I need to dig into this, but they're not considering all the variables that go into realignment.
Virginia valued below CU and VT strikes me as completely wrong.
I agree. VT has higher enrollment but not nearly the endowment of VA.
I think where they screwed up CU's ranking is underestimating Denver as the 18th largest media market. The fact CU is the flagship university in the State. The size of our stadium. Our enrollment of 41K students which translates into more Alums/Fans etc... Also, this could be due to the current monopoly on TV rights and/or the lack of a whale (i.e. Phil Knight) propping up football.
I don't have a problem with most of the SEC rankings as their football stadiums are so huge and football is king in the SE. Same with FSU, Miami, UNC, Clemson and a few others. I don't have a problem with the Fuskers (24K enrollment) given the size of their stadium and fills it up. However, when you look at some of CU's peers, when a franchise is valued it must take into account the school size/prestige, facilities owned, town, and actual TV market, rather than a shared TV market or recent football success or lack thereof:
The ones, I have problems with are sort of small market/split market:
1. Iowa 30K enrollment, splits with Iowa State 30K enrollment?
2. NW 23K enrollment and 12K person stadium, they do have a good endowment, very little success in football or fan base.
3. Baylor, TCU and Okie State all have enrollments less than 25K, TCU only 13K. Okie State has T-Boone Pickens $$ but still little brother to OU.
4. Kansas 28K enrollment and K-State 20K enrollment should not be ranked anywhere near CU given splitting the state, school size, overall success in football etc...
5. Utah and BYU split Salt Lake City, however BYU should be higher since it has larger audience and Utah flip somewhere below CU.
6. Duke, Wake Forest and Vandy all have enrollments under 20K and split their TV markets with smaller stadiums.
7. Syracuse, Louisville, Boston College, SMU are all much smaller schools, some have stadiums but they split their TV markets...
8. ASU should be much higher--87K enrollment alone.
9. Stanford and Cal take it on the chin given their conference affiliation, travel and less TV revenue, however Stanford has a $37B endowment, thus probably top-30! I can see Cal being low since AD has huge budget deficit.
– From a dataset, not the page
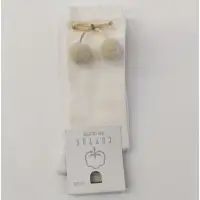Halfhoge sokken met pompom, parel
Travel is difficult, Stanford has high academic standards, so if they want a great football team, I think that they have the funds/alums to pay for it. They may need to take more transfers and alter academic standards somewhat. IMO, Stanford could dominate the NoCAL TV market, rather than split with Cal. Cal's AD is swimming in the red.
10. UCLA splits LA with USC, however UCLA's AD has a massive funding shortfall as they rent not own all their facilities, thus making no money. Not even a good deal on parking or concessions. How do you value UCLA owning no facilities? Both of those teams left the P-12 to implode since they could not come anywhere close to filling their stadiums. I can see USC given its rich football history and they have a great deal for the Coliseum. We shall see how these CA schools do with the travel.
I think this poll is heavy skewed toward recent football success and some B1G bias, the current TV rights, rather than what the school's actually have.